6. The method for preparing L-borne borneol crystals from Artemisia as described in claim 1, characterized in that: The specific operation method in the S3 impurity removal stage includes the following steps: S31. Raw material processing: Take the supercritical extract paste of Artemisia argyi after water removal, dissolve it in anhydrous ethanol at a mass ratio of 1:1 and perform ultrasonic treatment. Control the ultrasonic temperature at 50-60℃ and the ultrasonic time at 5-10 min, then filter out the impurities. S32. Column packing: Select 80-100 mesh D101 macroporous resin to pack 50-100 ml of chromatography column, soak in anhydrous ethanol for 24 h, wash with water until neutral, and then pack the column using the wet method. S33. Sample loading and adsorption: The treated solution is evenly dropped onto the chromatography column and waited for 30-60 minutes; S34. Cleaning: First, use pure water to wash away the water-soluble impurities and pigments remaining in the resin. Then, use 3-5 BV of pure water at a flow rate of 1-2 BV / h to rinse and collect the eluent. S35. Elution and Collection: Elute with 5-8 BV of 85-95% ethanol at a flow rate of 1-2 BV / h, collect the eluent in fractions, combine the concentrates, and recover the ethanol under reduced pressure to obtain the crude extract of L-borneol.

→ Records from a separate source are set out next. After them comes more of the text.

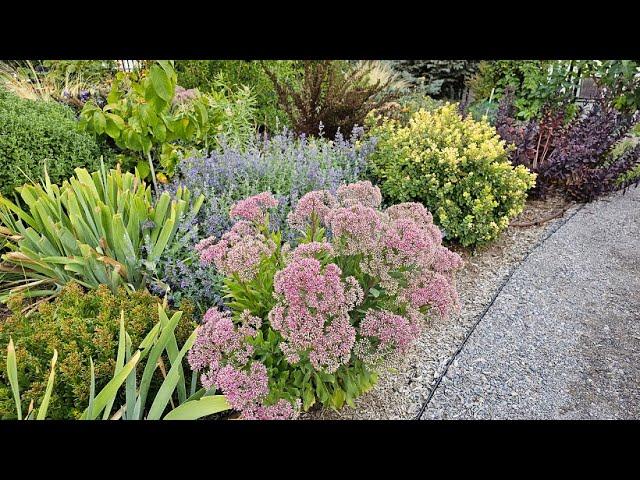 What's Blooming in My Zone 7 Water Wise Landscape in August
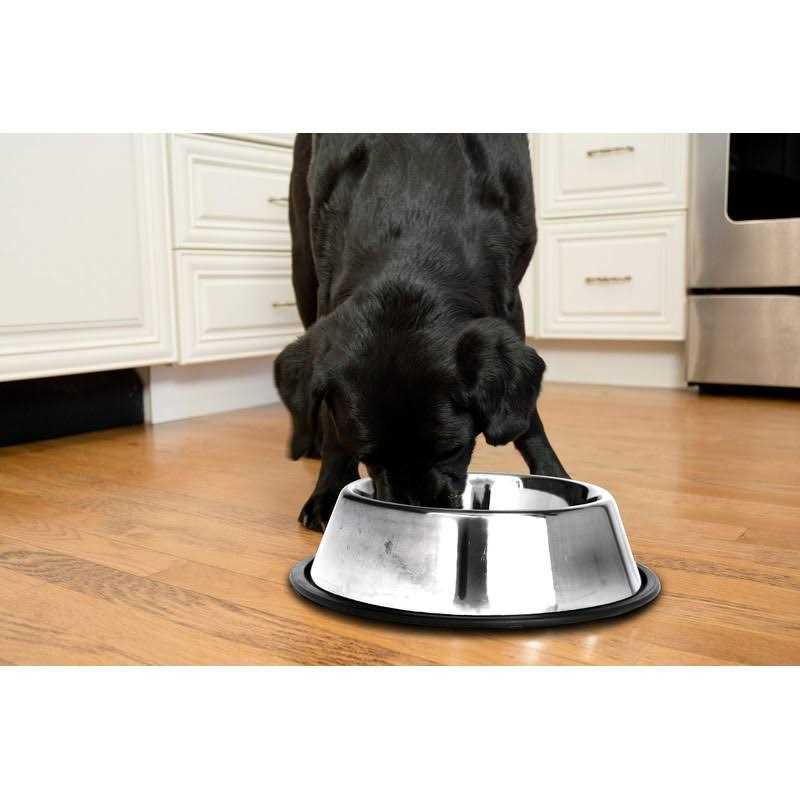 Iconic Pet 2 pack Stainless Steel Non-Skid Pet Bowl For Dog Or Cat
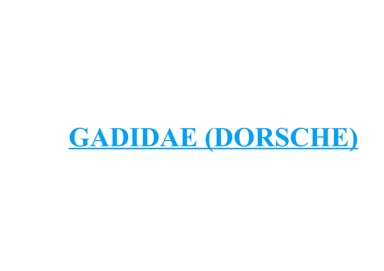 Gadidae (Dorsche) 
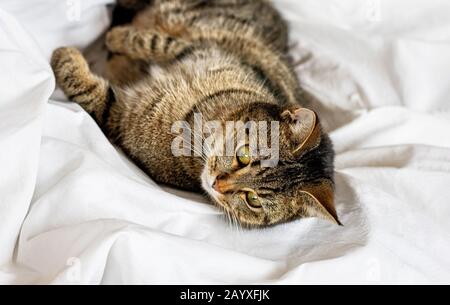 Tabby cat lies on a white bed sheet. Selective focus. Close up. Stock Photo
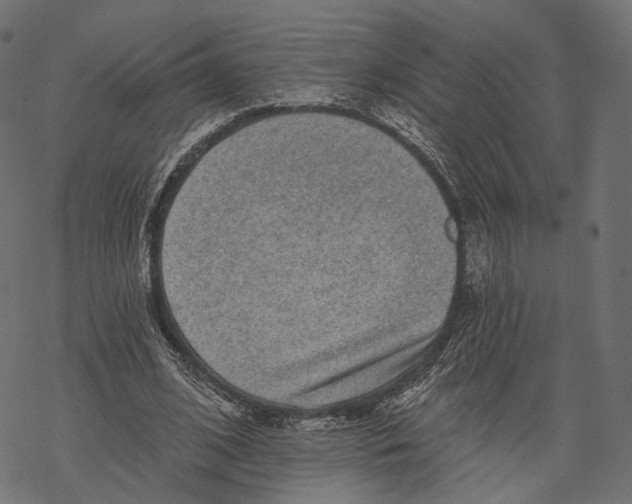 X0000067900584200605041620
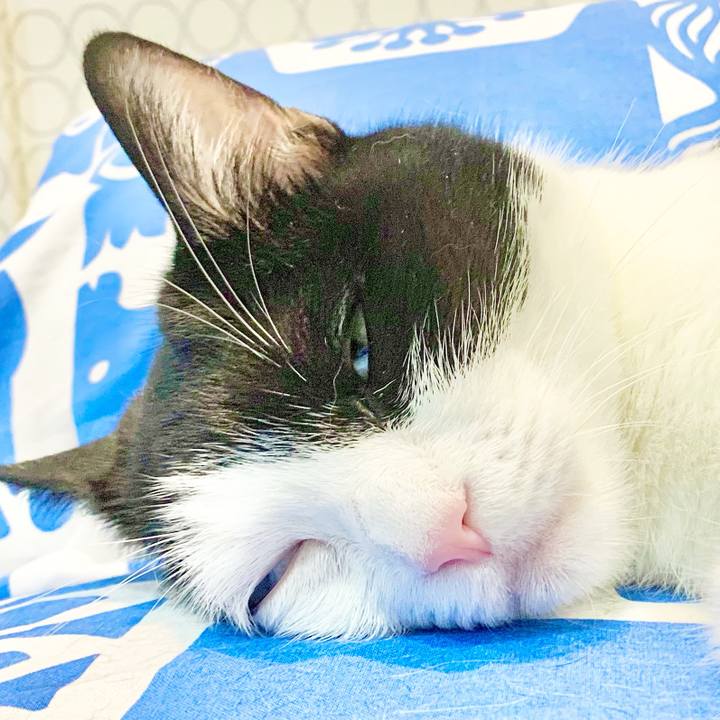 55c4b774 3c81 46dc 9efa 1226733d4d56 1629331501595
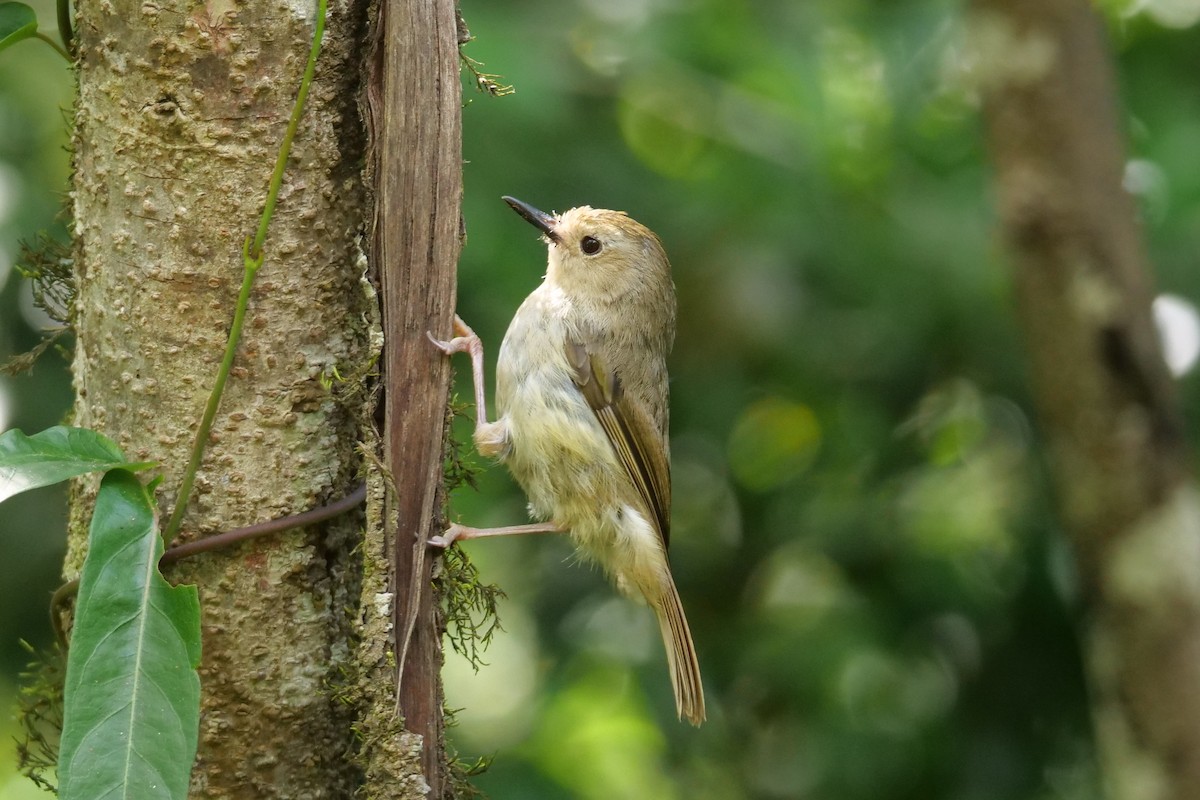 Large-billed Scrubwren - ML645772120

7. The efficient method for preparing L-borneol crystals from Artemisia as described in claim 1, characterized in that: In the S4 crystallization process, ethanol is selected as the crystallization solvent, the mass ratio of solvent to solute is 1:1 to 5, and the solvent concentration is 70 to 90%. During crystallization, a seed crystal is added to induce crystallization. The seed crystal is a 90 to 99% pure L-carnitine crystal, and the amount added is 1 to 3% of the mass of the solute.

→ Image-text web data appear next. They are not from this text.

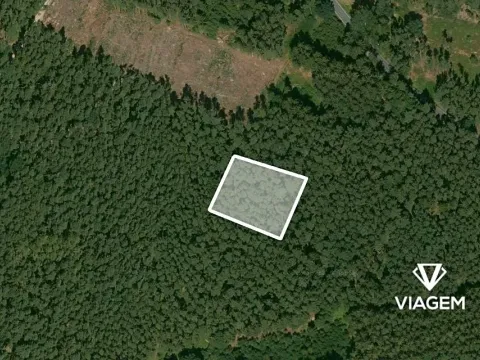Prodej lesa, Štichov, 1133 m2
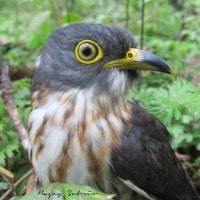Kangkok Sunda / Sunda Cuckoo
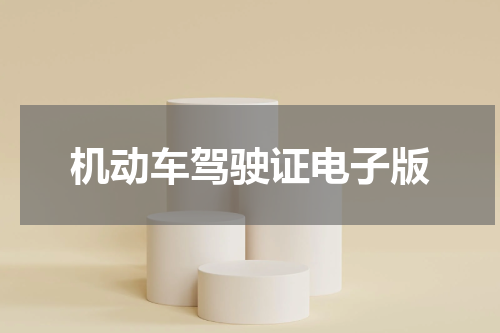 机动车驾驶证电子版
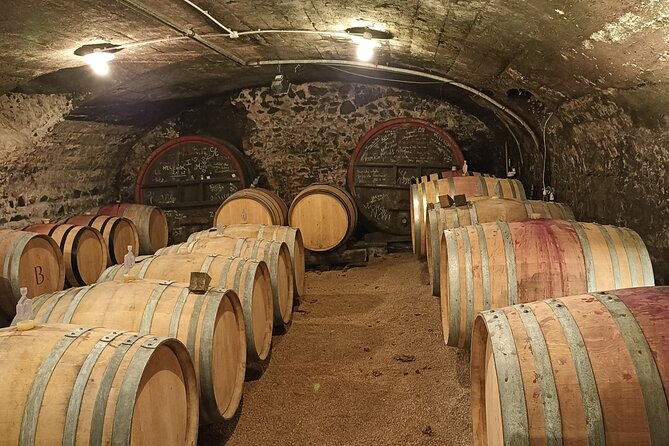 Guided Day of the Beaujolais Cellars With Tasting - Tasting and Wine Insights
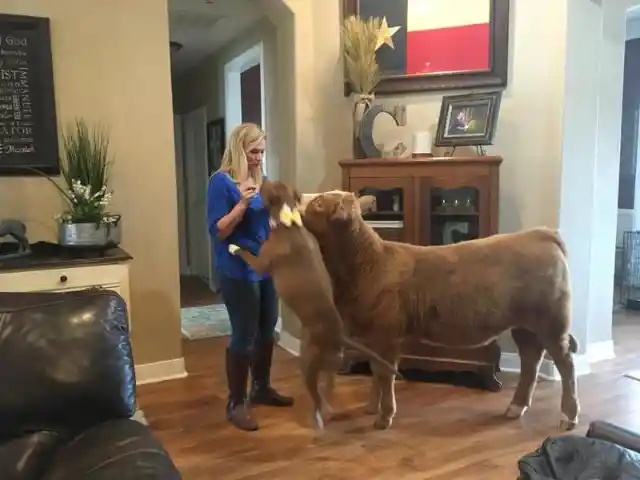With A Hurricane Approaching, A Cow Pretends To Be Dog To Save Himself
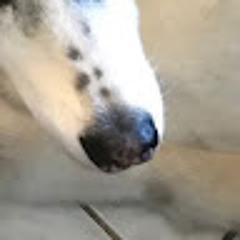 Snoot E
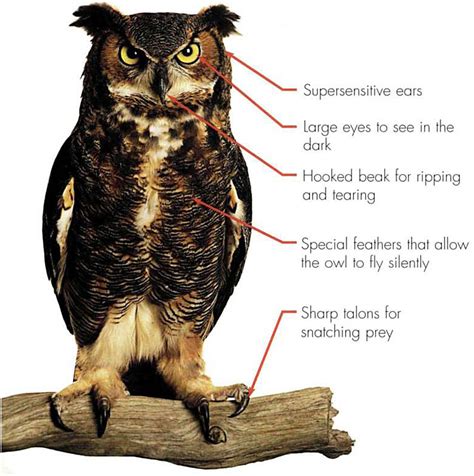 Adaptations are special characteristics that an organism is born with and which enable it to survive in its natural habitat. Adaptations: Structural and Behavioral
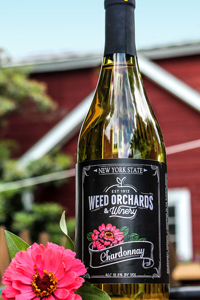 Chardonnay Chardonnay bottle featuring a hot pink zinnia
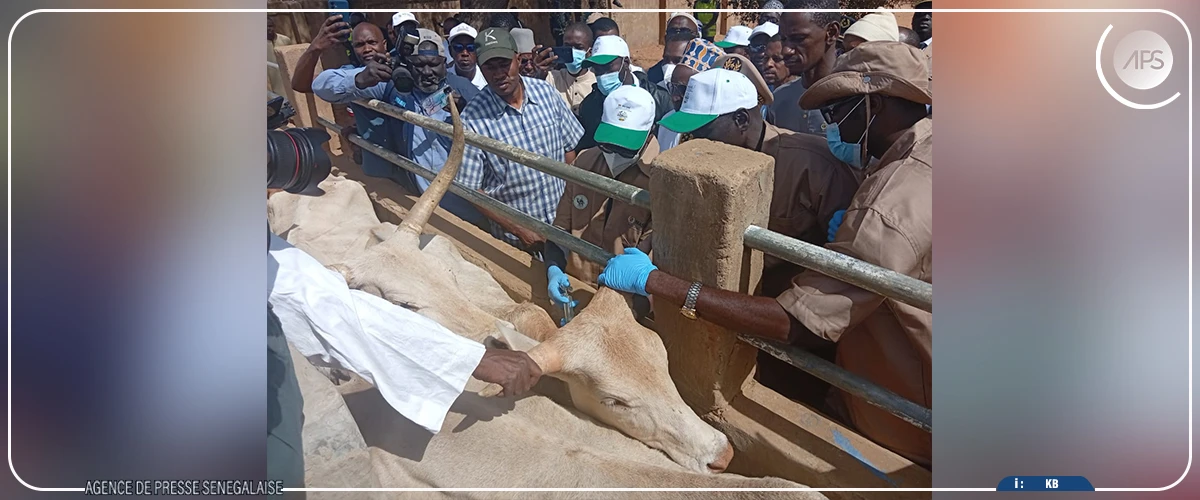 La FAO engagée aux côtés du Sénégal pour la protection du cheptel et la structuration de l’élevage (responsable)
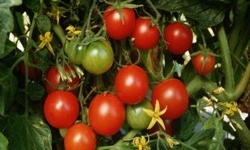 Вирощування томатів (помідорів): сорти, посадка й догляд, полив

8. The efficient method for preparing L-borneol crystals from Artemisia as described in claim 6, characterized in that, The specific steps of the crystallization process are as follows: S41. Dissolution: Weigh the sample and solvent at a mass ratio of 1:2 to 4, mix them, and then perform ultrasonic dissolution. Control the ultrasonic temperature at 40°C and the ultrasonic time at 10 to 30 minutes. After dissolution, place the solution in a water bath at 40°C for stabilization for 30 minutes. The solvent used is ethanol with a concentration of 80 to 90%. S42. Induced crystallization: Take out the above solution, add 1-2% of solute by mass of levorotatory borneol as seed crystals, and induce crystallization. After adding the seed crystals, seal the container opening with plastic wrap, and at the same time, make a number of small holes in the plastic wrap. Place it at a temperature of 5°C and let it stand for 8-24 hours. Then take out the above solution and observe the crystallization.

9. The efficient method for preparing L-borneol crystals from Artemisia as described in claim 7, characterized in that, In the S5 crystal collection stage, the specific method of crystal collection is as follows: after the solution in step S4 crystallizes, the solution is first filtered and dried, and then placed in an oven at a temperature of 50°C to evaporate the solvent by drying, thereby obtaining high-purity L-carnitine crystals.

10. A L-carnitine crystal product, characterized in that: The product is prepared by the method described in any one of claims 1 to 8.